Cannot mrs-compare things with CARG time

We are using pydelphin’s delphin.commands compare function to compare profiles, and we are hitting the following problem:

delphin compare ~/delphin/GAUSS/treebanks/experiment/test-full-forest/test-gender-overt/test-long/cow10_test/ ~/delphin/GAUSS/treebanks/experiment/test-1flag/test-gender-overt/test-long/cow10_test/
1529020	<1,0,1>

  line 1, character 951
    [ LTOP: h0 INDEX: e2 [ e SF: prop TENSE: untensed MOOD: indicative ] RELS: < [ focus_d_rel<-1:-1> LBL: h1 ARG0: e4 [ e SF: prop TENSE: untensed MOOD: indicative ] ARG1: e2 ARG2: x5 [ x GEND: m ] ]  [ _su_q_rel<-1:-1> LBL: h6 ARG0: x5 RSTR: h7 BODY: h8 ]  [ poss_rel<-1:-1> LBL: h9 ARG0: i10 ARG1: x5 ARG2: x11 ]  [ pronoun_q_rel<-1:-1> LBL: h12 ARG0: x11 RSTR: h13 BODY: h14 ]  [ pron_rel<-1:-1> LBL: h15 ARG0: x11 ]  [ ord_rel<-1:-1> LBL: h9 CARG: "1" ARG0: e17 [ e SF: prop TENSE: untensed MOOD: indicative ] ARG1: x5 ]  [ "_esposo_n_rel"<-1:-1> LBL: h9 ARG0: x5 ARG1: x18 ]  [ _be_v_id_rel<-1:-1> LBL: h19 ARG0: e2 ARG1: x20 ARG2: x5 ]  [ named_rel<-1:-1> LBL: h21 CARG: "kaynette_williams" ARG0: x20 ARG1: u23 ]  [ _durante_p_temp_rel<-1:-1> LBL: h19 ARG0: i24 ARG1: e2 ARG2: x25 [ x GEND: m ] ]  [ undef_q_rel<-1:-1> LBL: h26 ARG0: x25 RSTR: h27 BODY: h28 ]  [ card_q_rel<-1:-1> LBL: h29 ARG0: i30 ARG1: x25 ]  [ time_n_rel<-1:-1> LBL: h29 CARG: string ARG0: x25 ARG1: u32 ] > HCONS: < h0 qeq h1 h7 qeq h9 h13 qeq h15 h27 qeq h29 > ]
MRSSyntaxError: expected: a string

It looks to me like the problem maybe is in the CARG value part of the MRS for the word anno (year):

Screenshot from 2024-06-06 15-05-46

Does it sound like it could be problematic? And on which side then? The grammar’s or pydelphin’s? Does this CARG value look valid? (I cannot track it down by the way, but I am sure I would if I really needed to.)

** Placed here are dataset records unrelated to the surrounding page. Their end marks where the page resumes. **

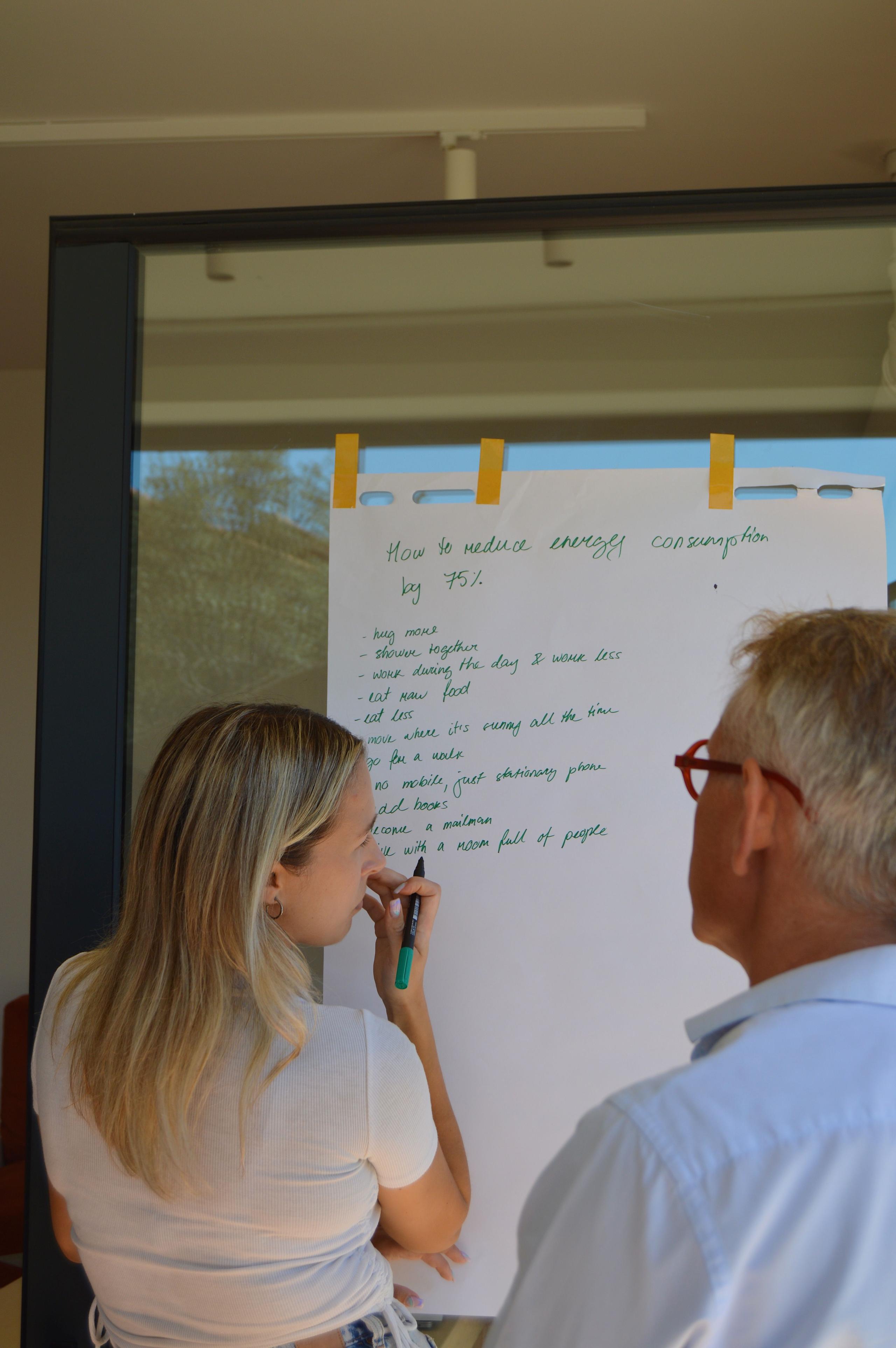 Two people at a workshop, writing on a flip chart about reducing energy consumption.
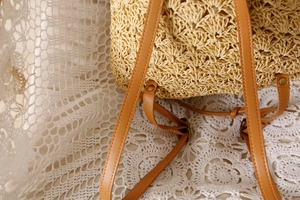 Detail of woven straw backpack with brown leather straps and vintage metal rivets
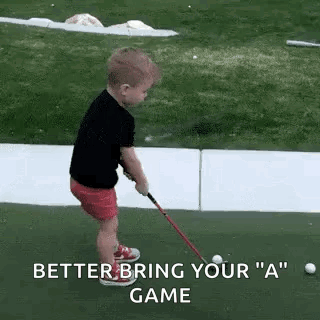 A Little Boy Is Playing Golf On A Green And Holding A Golf Club . GIF
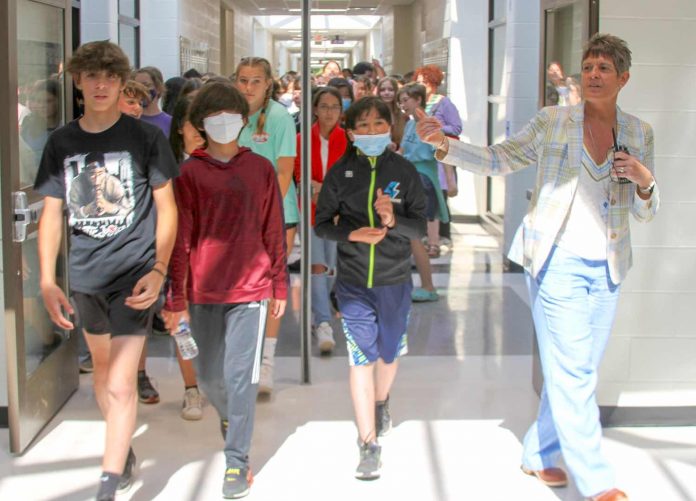 Principal Deb Troutman leads current and future Booth Middle School into their new school during a tour last week. Photo/Fayette County School System.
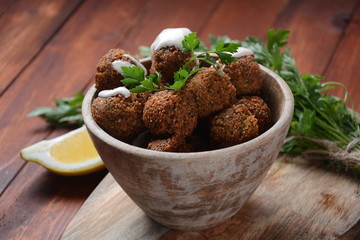 Falafel balls with parsley in wooden bowl with tahini sauce. Vegan healthy food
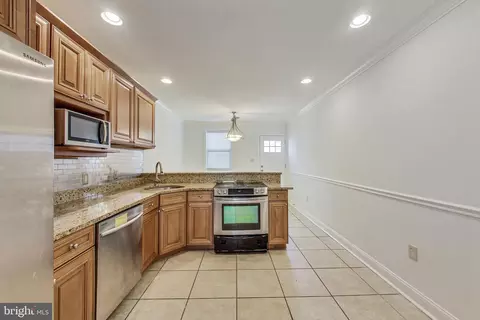 Kitchen - 312 S Regester St, Baltimore, MD 21231 photo 2 of 3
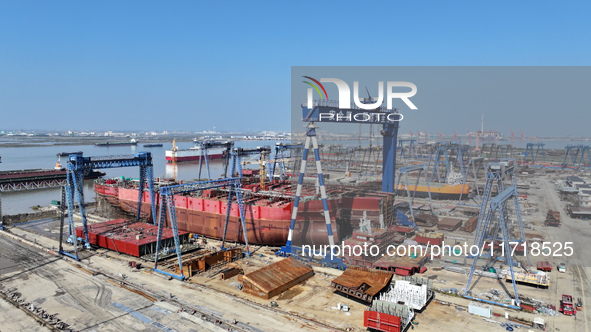 Workers produce ship hulls at Tuangang Community Shipbuilding base in Yanweigang town, Guanyun County, Lianyungang, China, on October 29, 20...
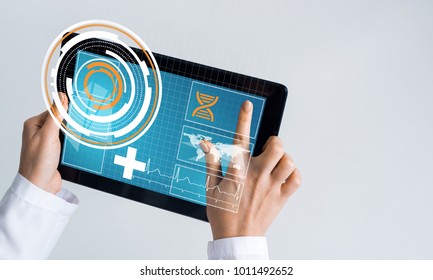 Tablet pc device with medicine interface screen in hands of doctor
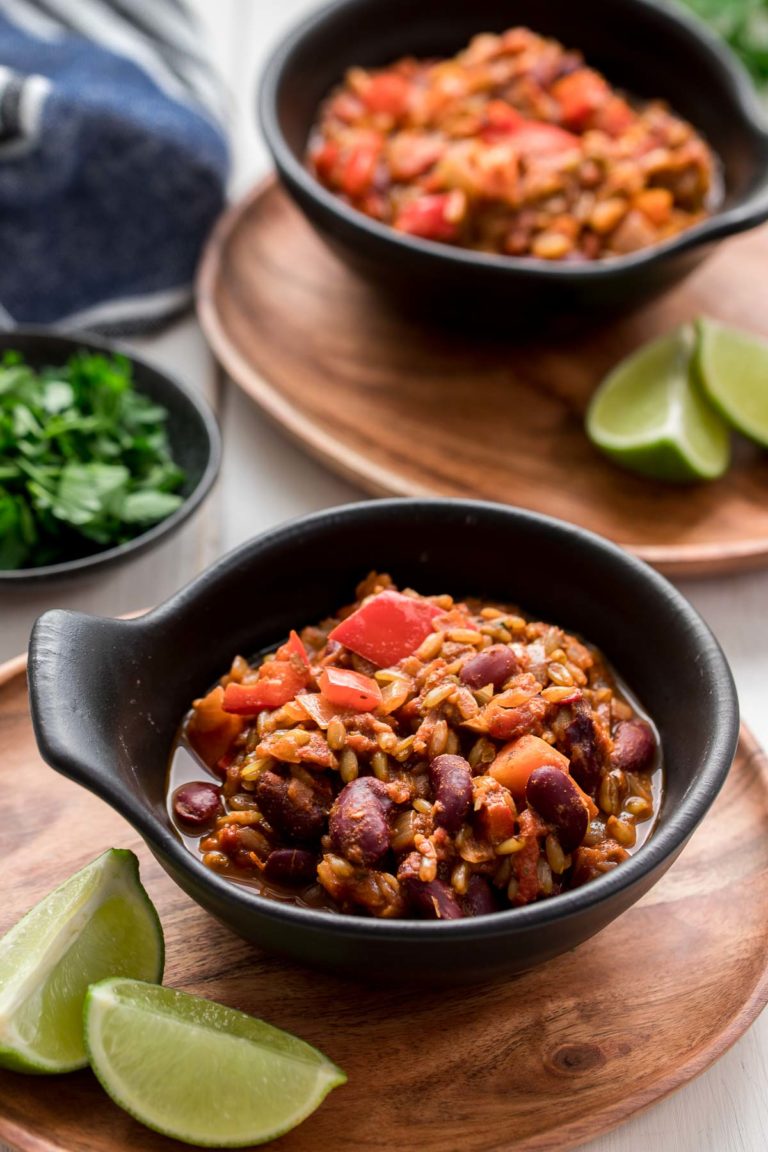 Vegetarisches Chili Rezeppt mit Grünkern (Chili sin Carne) mit Limetten, frische Kräuter serviert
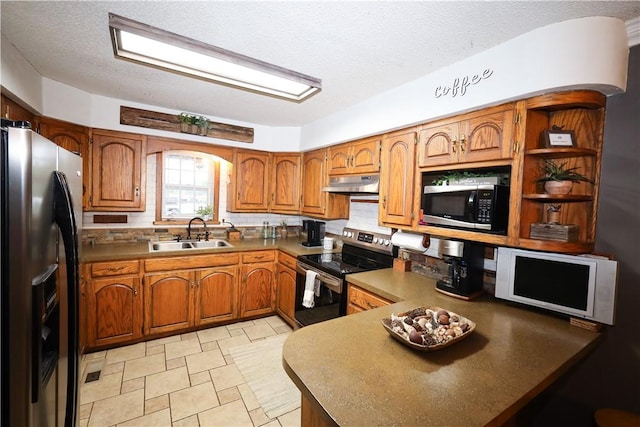 4639 Quail Ct, Harrison, AR 72601 - kitchen featuring appliances with stainless steel finishes, under cabinet range hood, brown cabinets, a peninsula, and a textured ceiling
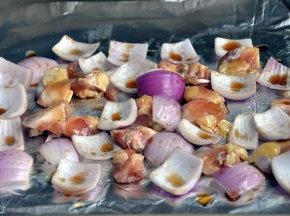 将腌好的鸡脆骨和洋葱放入垫了锡纸的烤盘中，刷上蜂蜜酱油汁。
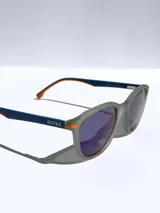 Lentes de sol Osten modelo Maui, con armazón negro de diseño redondeado y detalles en color naranja en las patillas. Cuentan con cristales polarizados con protección UV 400.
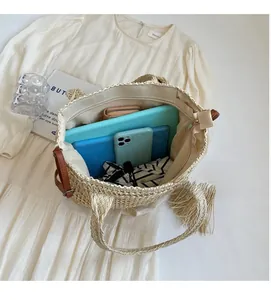 Top view of woven straw tote showing spacious interior with tablet and phone inside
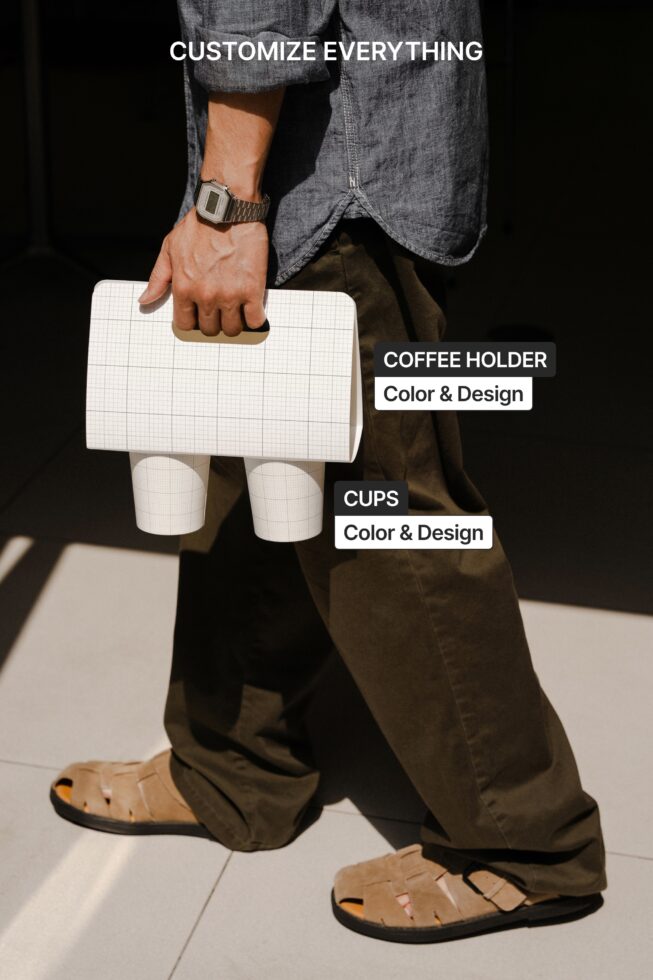 Person carrying grid-pattern coffee holder with two white cups, styled outfit shot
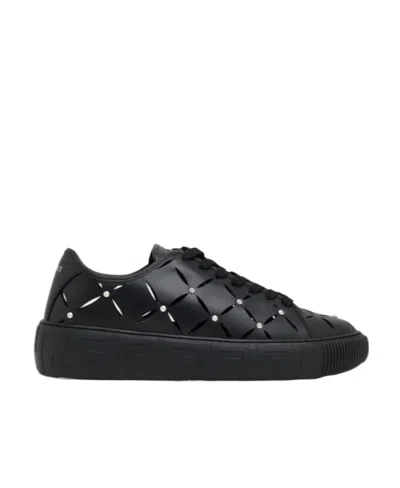 Versace Perforated Studded Sneakers In Black
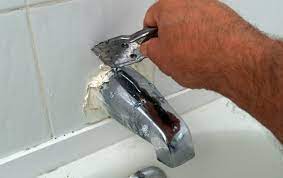 It is a small plastic flap. How To Replace A Tub Spout Project Tutorial Bob Vila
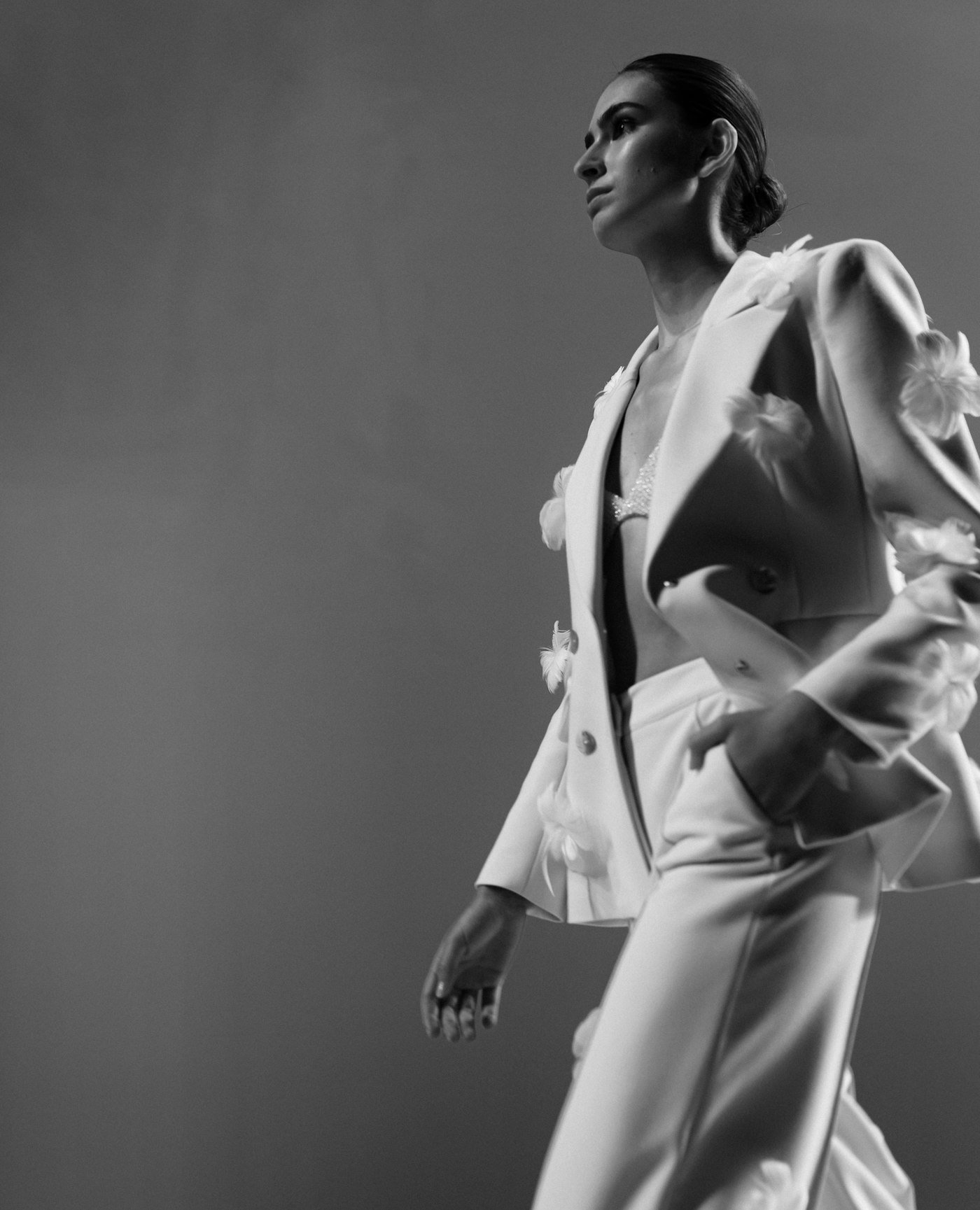 Editorial fashion portrait of a model in a tailored white suit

It looks like you tracked it down pretty well. This isn’t a bug in PyDelphin, but an intentional decision to expect the values of CARG to be a double-quoted string. I don’t think this is wrong and hasn’t been a problem, but I notice that the MrsRfc wiki differs in its grammar of SimpleMRS:

Value        := Token | QuotedString
Carg         := "CARG" ":" Value

So we could question whether PyDelphin should allow non-string values. Whether or not we think grammars should allow for non-string CARG values, it might make sense for PyDelphin since I don’t think ACE or the LKB are this strict. One complication is whether we can treat unquoted symbol constant values and quoted string ones differently. For example, case sensitivity: are CARG: time and CARG: TIME equivalent? This also means we’d need to serialize them properly again on encoding.

On your side of things, do you think that time is a valid value for the CARG of the time_n predication? Does that capture the meaning of the sentence? To me it looks like an underspecified argument value, like maybe token mapping didn’t work correctly.


You are right, it’s probably an underspecified value, which is why I also couldn’t track down how it got set. I will look into it. Thanks, Michael!